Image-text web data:
+ + +

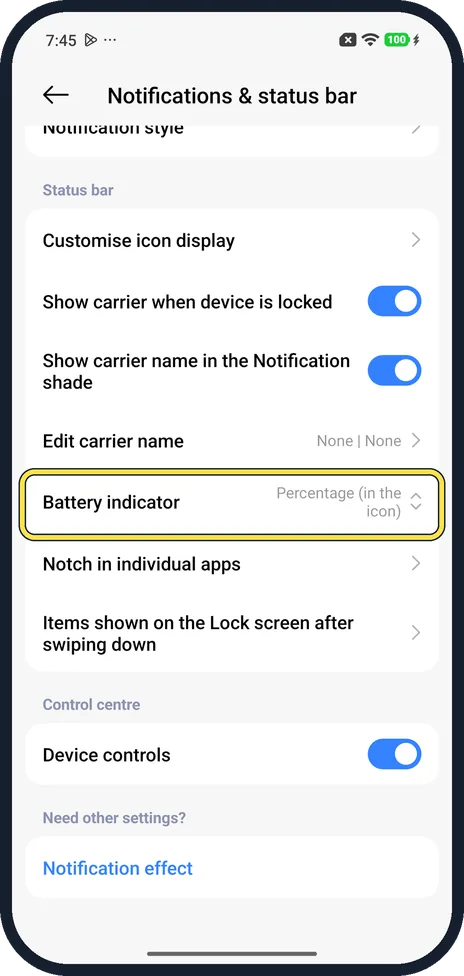 Android screenshot: Tap Battery indicator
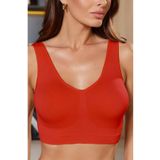 MİSTİRİK Rosella Model Kalın Askılı Pedsiz Sarkma Engelleyen Büstiyer Spor Korse Kırmızı Renk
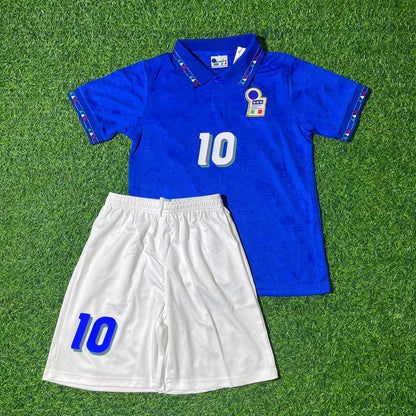 Italy World Cup 1994 Roberto Baggio Retro Kids Football Jersey Kit
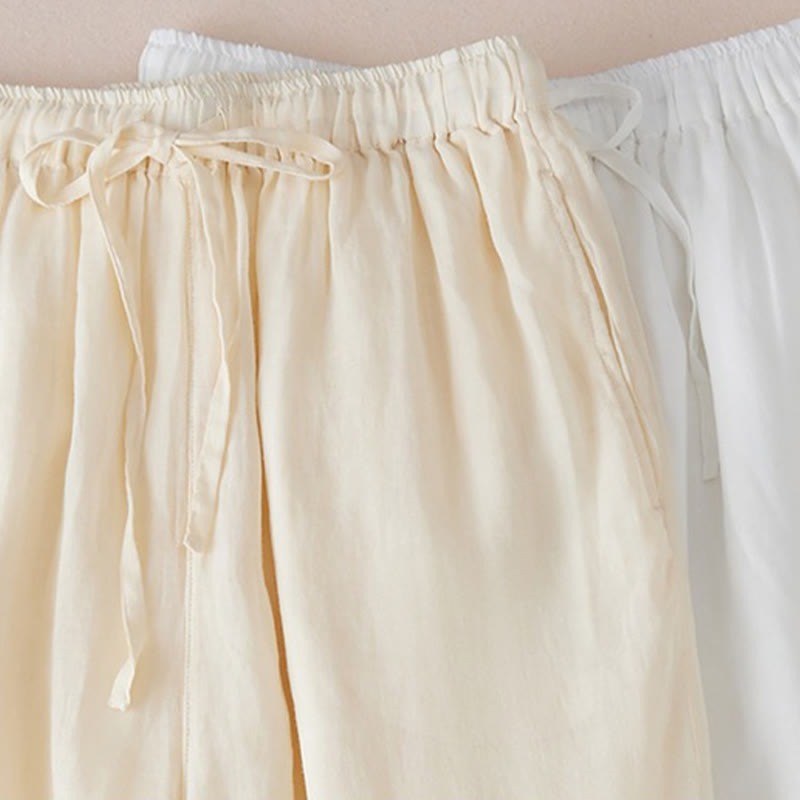 Pantalon large en coton avec poches et doublure décontractée Buddha Stones pour femme, longueur 7-8 - image 16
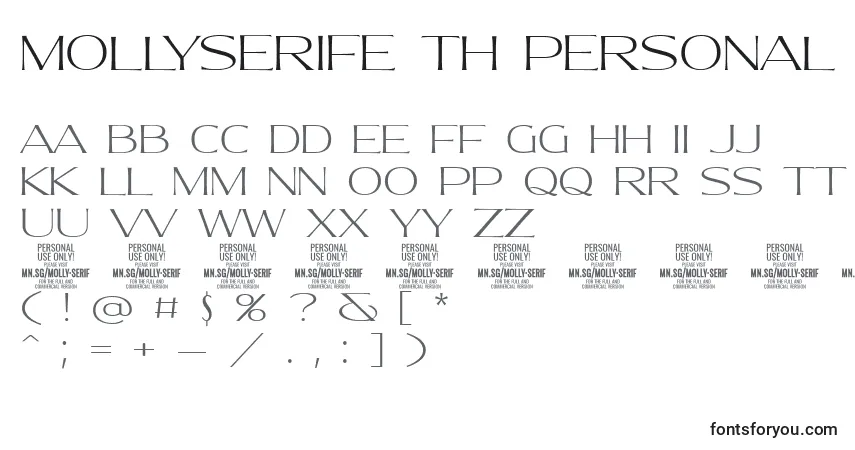 Czcionka MollySerifE Th PERSONAL – alfabet, cyfry, specjalne znaki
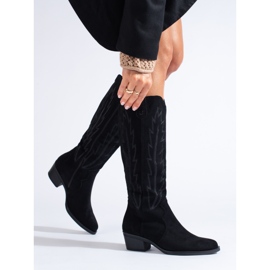 Shelovet mustat mokkanahkaiset cowboysaappaat 1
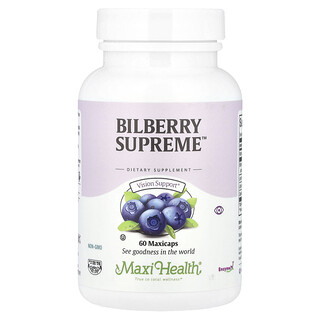 Maxi Health, Bilberry Supreme™，60 粒 Maxicap 膠囊
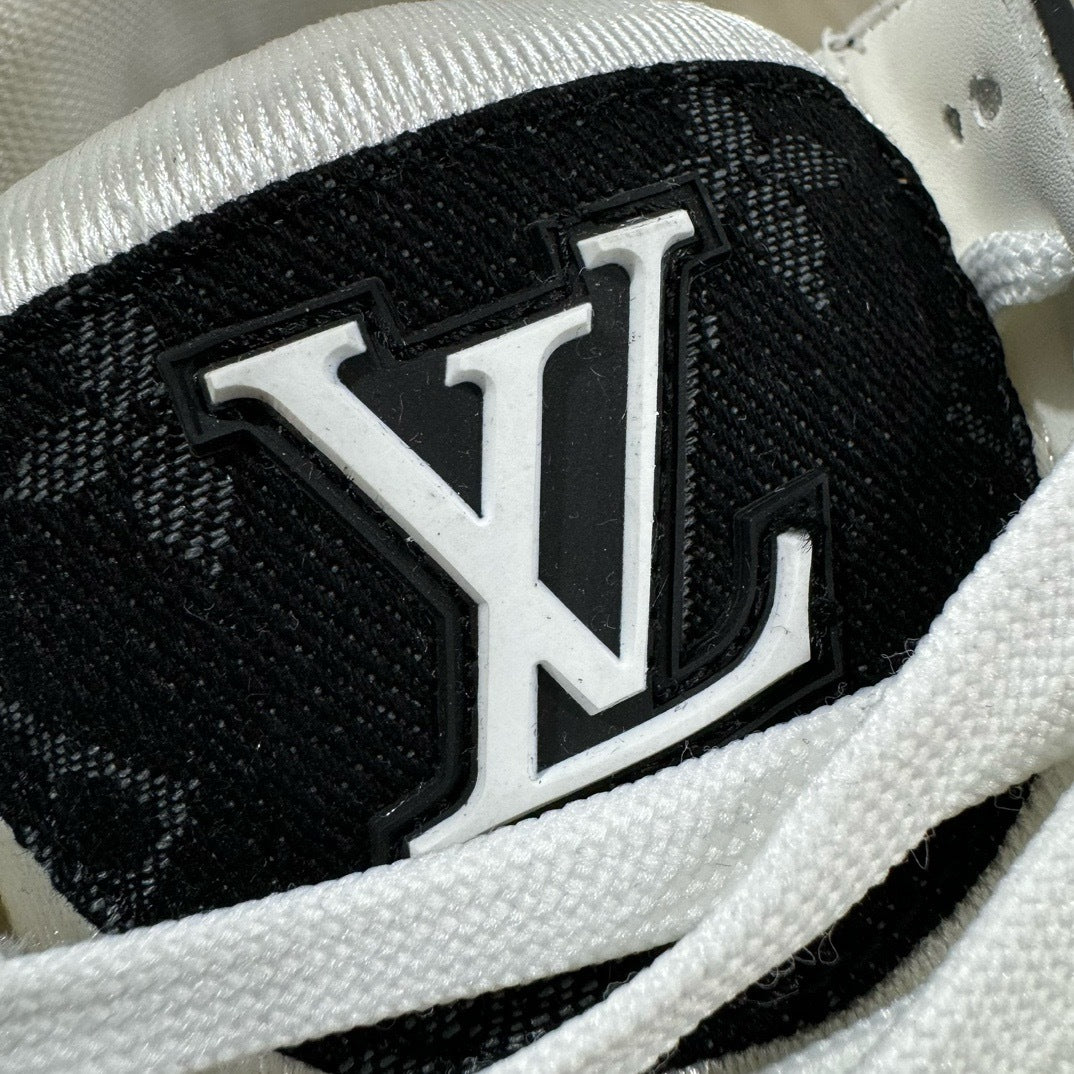Black and white Louis Vuitton trainer sneaker side view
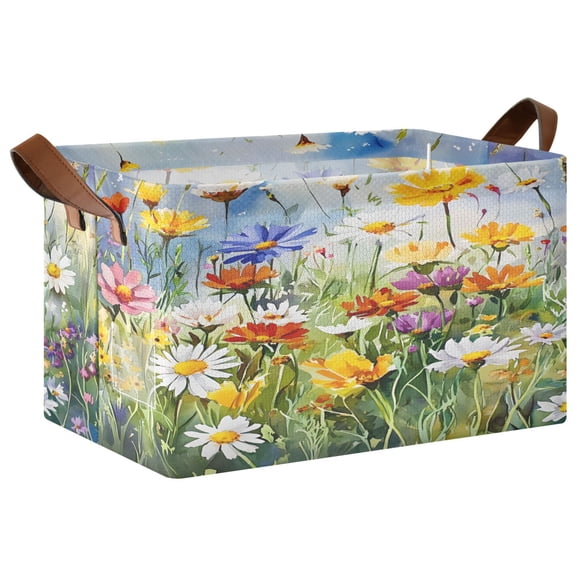 Rectangle Storage Basket with Handles Wildflowers Collapsible Bin Large Bins Decorative for Clothes Toys Bedroom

+ + +

Where the line containing "Pantalon large en" appears in the entries above, start there and set down every line exactly through the last one, inclusive; omit pictures.

Response area -
 Pantalon large en coton avec poches et doublure décontractée Buddha Stones pour femme, longueur 7-8 - image 16
 Czcionka MollySerifE Th PERSONAL – alfabet, cyfry, specjalne znaki
 Shelovet mustat mokkanahkaiset cowboysaappaat 1
 Maxi Health, Bilberry Supreme™，60 粒 Maxicap 膠囊
Black and white Louis Vuitton trainer sneaker side view
 Rectangle Storage Basket with Handles Wildflowers Collapsible Bin Large Bins Decorative for Clothes Toys Bedroom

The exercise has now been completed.